Zimbabwe’s mines cannot afford wage rises this year and a fifth of the firms have agreed with workers to cut pay to remain viable, blaming low commodity prices and high electricity costs, results of a survey showed on Thursday.
Mining is the biggest export earner in the southern African nation, but its contribution to earnings has declined from a high of 57% in 2012 to 50% last year after the global prices of its major minerals, gold and platinum, fell.
The survey commissioned by the Chamber of Mines of Zimbabwe, which represents major mining firms, showed that mines expect the industry to contract for the third consecutive year after 70 percent of the industry recorded losses in 2015.
The majority of mines had increased salaries 11 times since 2009, when Zimbabwe ditched its inflation-ravaged currency in favour of foreign currencies. The mining minimum monthly wage is $248.
“All mining houses interviewed said that they will not afford any salary increments in 2016, while 22% reported that they have negotiated and agreed salary reductions with their employees,” a statement on the survey said.
Mining sector wage negotiations in Zimbabwe, which holds the world’s second largest platinum deposits, often pass without incident unlike in South Africa, which has in the past seen violent wildcat strikes over salaries.
Wages account for 32% of mining companies’ costs.
The mining sector lost $60 million in mining output in 2014 and 2015 respectively, the survey said. Most mining firms said expensive capital and machinery and high royalty fees were also impacting production.

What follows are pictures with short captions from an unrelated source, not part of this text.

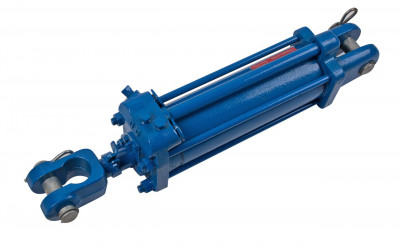 Гидроцилиндр ЦС-75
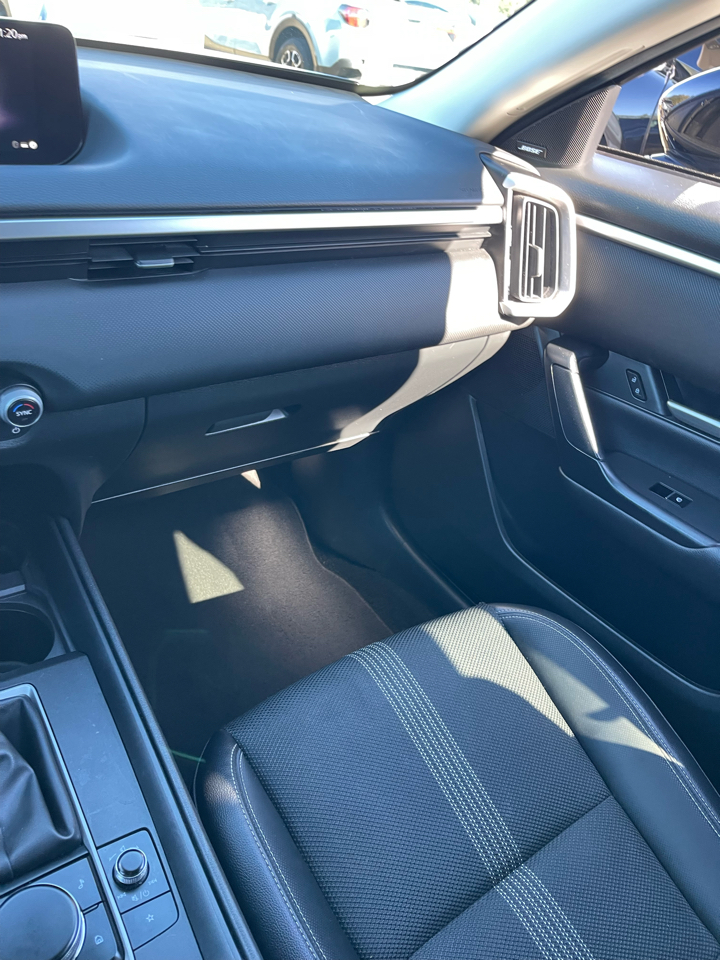 Mazda CX-50 2.5 S Premium 2024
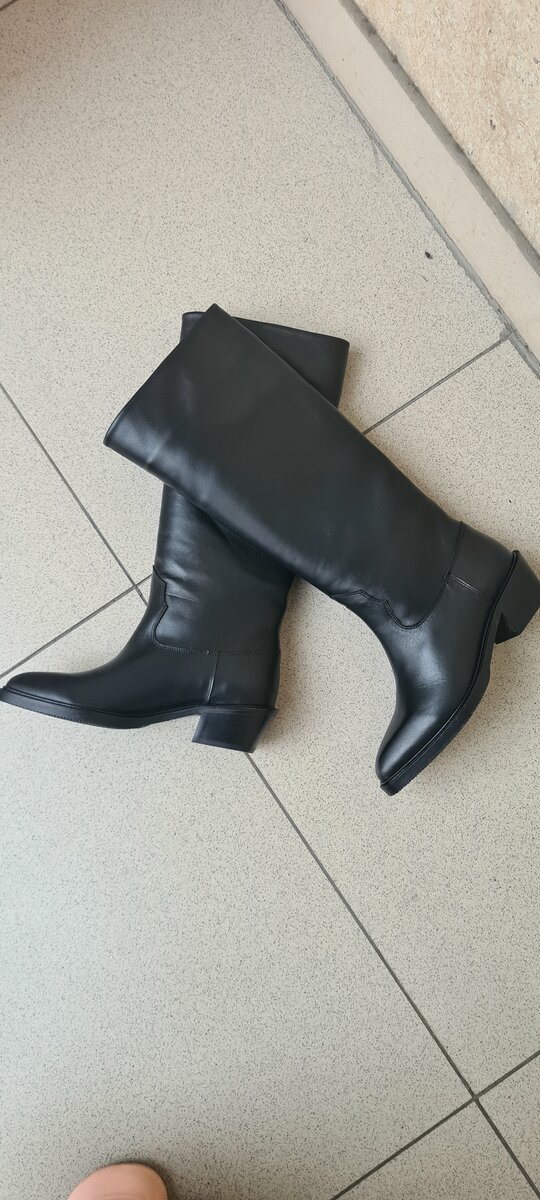 Казачки-трубы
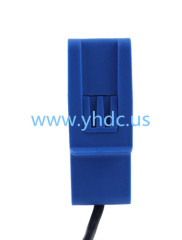 YHDC Split Core Current Transformer Input 0-20A Output 0-1V AC Current sensor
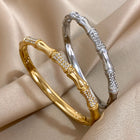 Double Crystal Bamboo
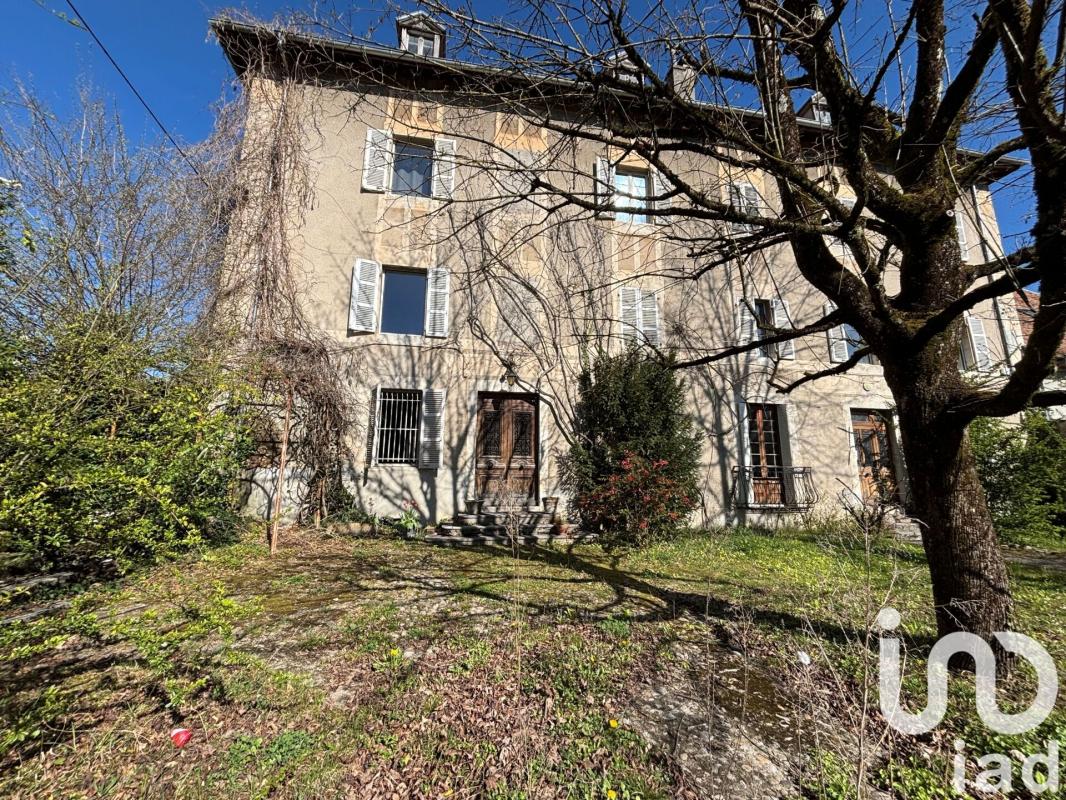 Immeuble  Saint-Genix-les-Villages - Photo 25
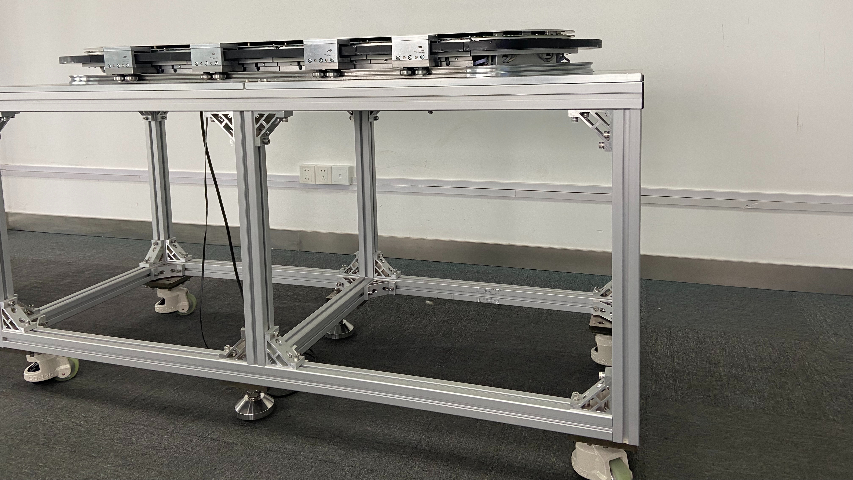 雅安磁驅(qū)柔性輸送線供應(yīng)商 推薦咨詢 南京迅?jìng)髦悄芄I(yè)技術(shù)供應(yīng)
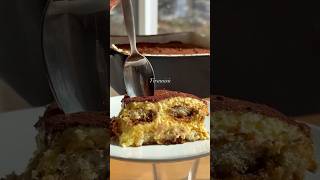 The BEST Tiramisu Recipe  EASY amp DELICIOUS Dessert 2024 [upl. by Nishi]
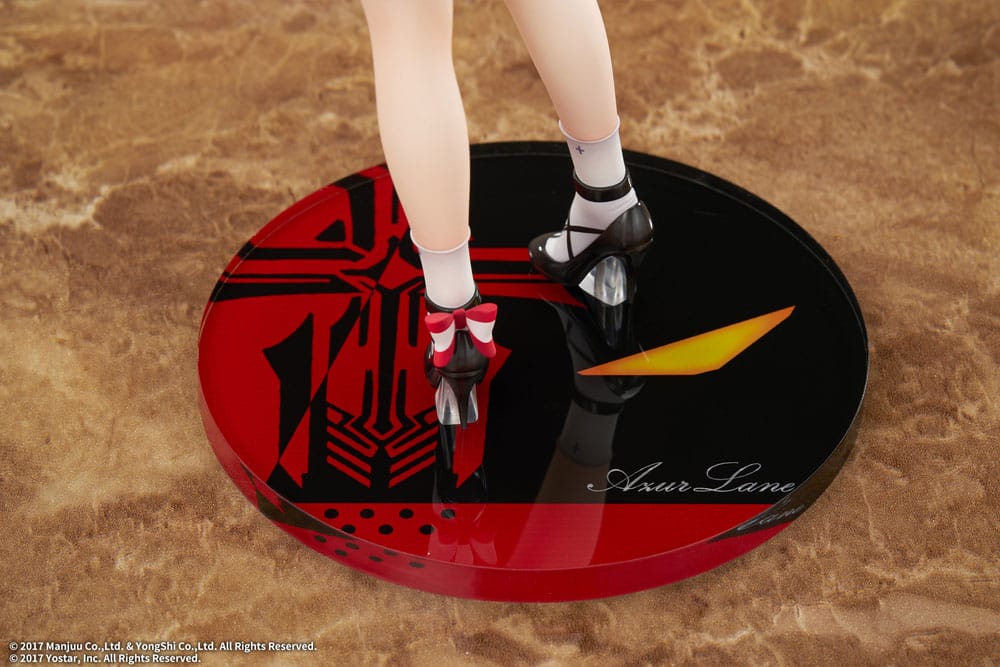Azur Lane PVC Statue 1/7 Jade 25 cm Image 5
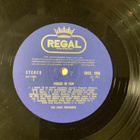THE FOUR FRESHMEN:” Voices In Fun”, vinyyli lp - pikkukuva 3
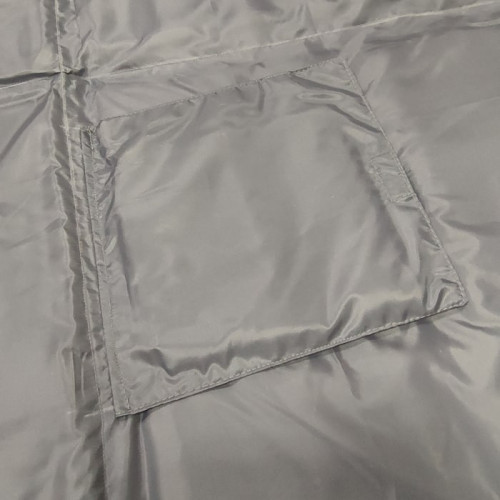 Тёплый пол для палатки Куб-2 oxford 600D в Челябинске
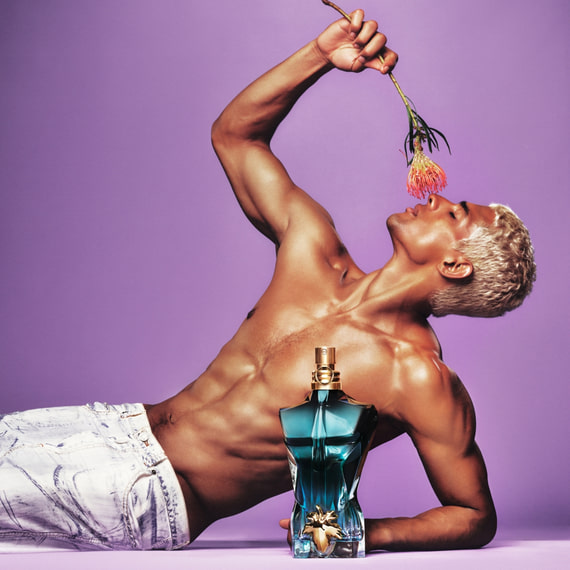 Eau de Toilette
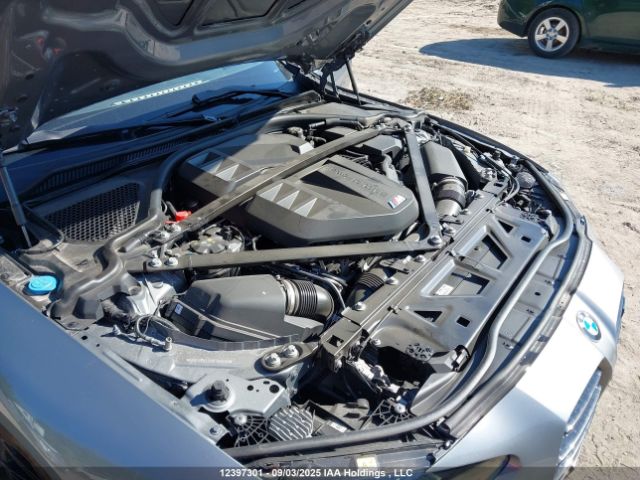 WBS43AY08RFS64654 2024 BMW M3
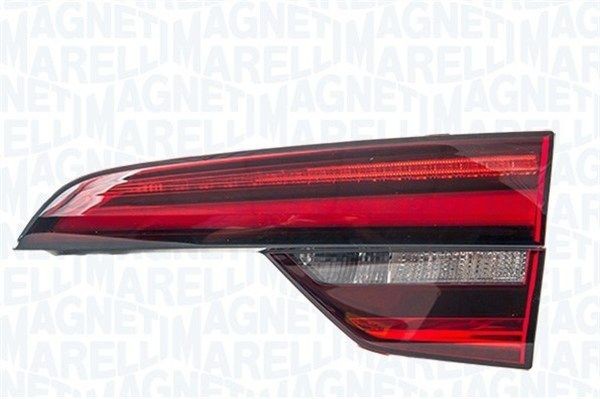 MAGNETI MARELLI Tail lights 714081510121 for AUDI A4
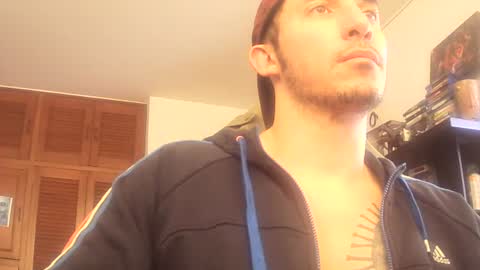 Alexxx online show from 7, 1, 2025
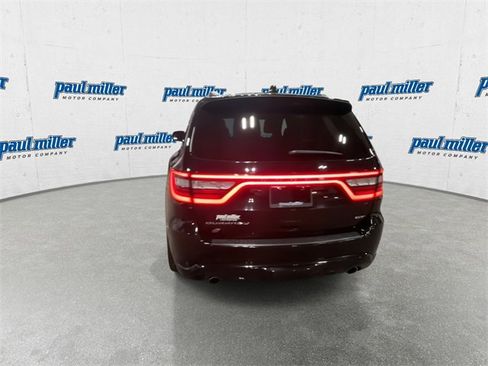 Used 2023 Dodge Durango GT image 9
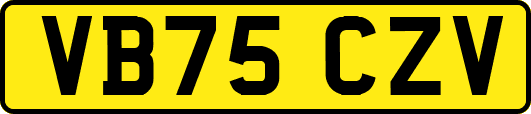 VB75CZV
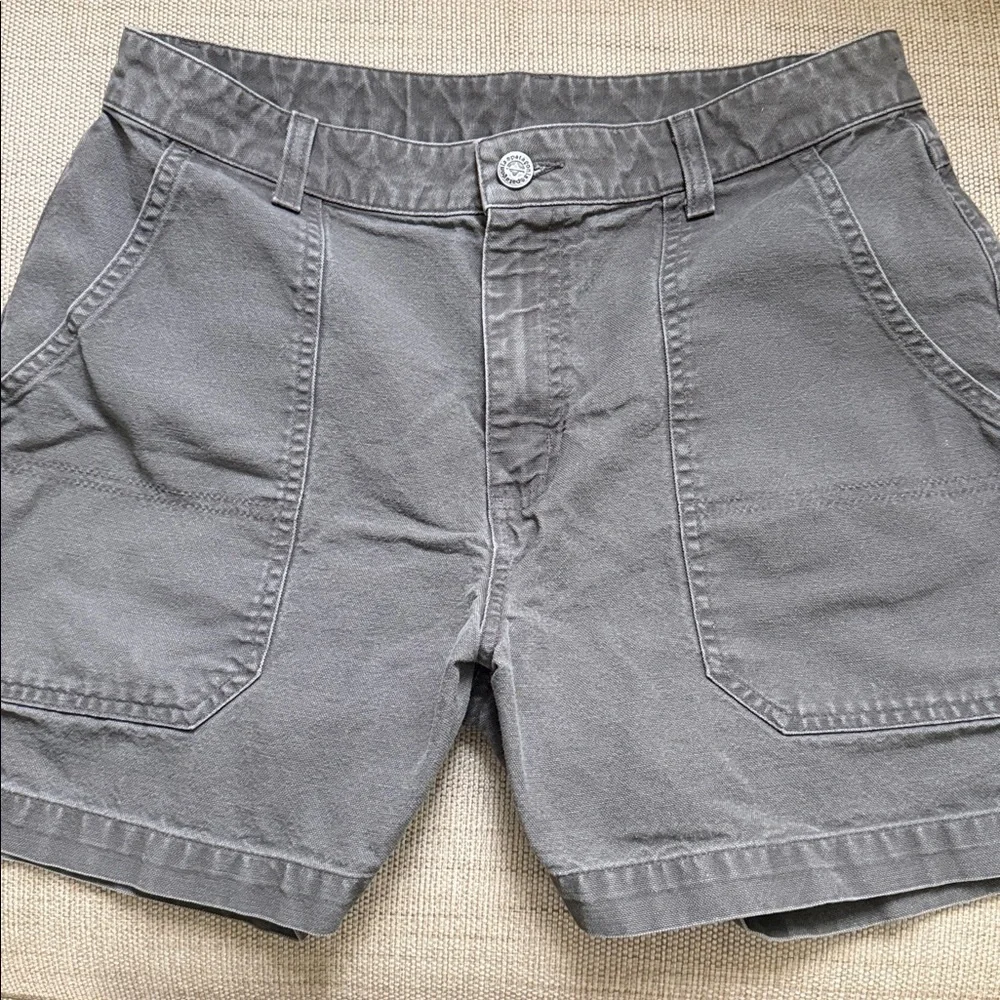 Patagonia women shorts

Electricity cuts have hurt Zimbabwean industry and mines, who are opposing a state power company move to increase tariffs by 42% shortly to help afford power imports.
Patson Mbiriri, a senior official in the energy ministry, said Zimbabwe should have sufficient power by 2018 and be in a position to export two years later. He added that an increase in tariffs was imminent in order to afford power imports.
Mbiriri said Zimbabwe was buying 300 MW off-peak power from South Africa and will double imports from Mozambique to 100 MW.
The mining sector, the survey added, needs $3.8 billion for new investment to enable it to double platinum and gold output in the next five years.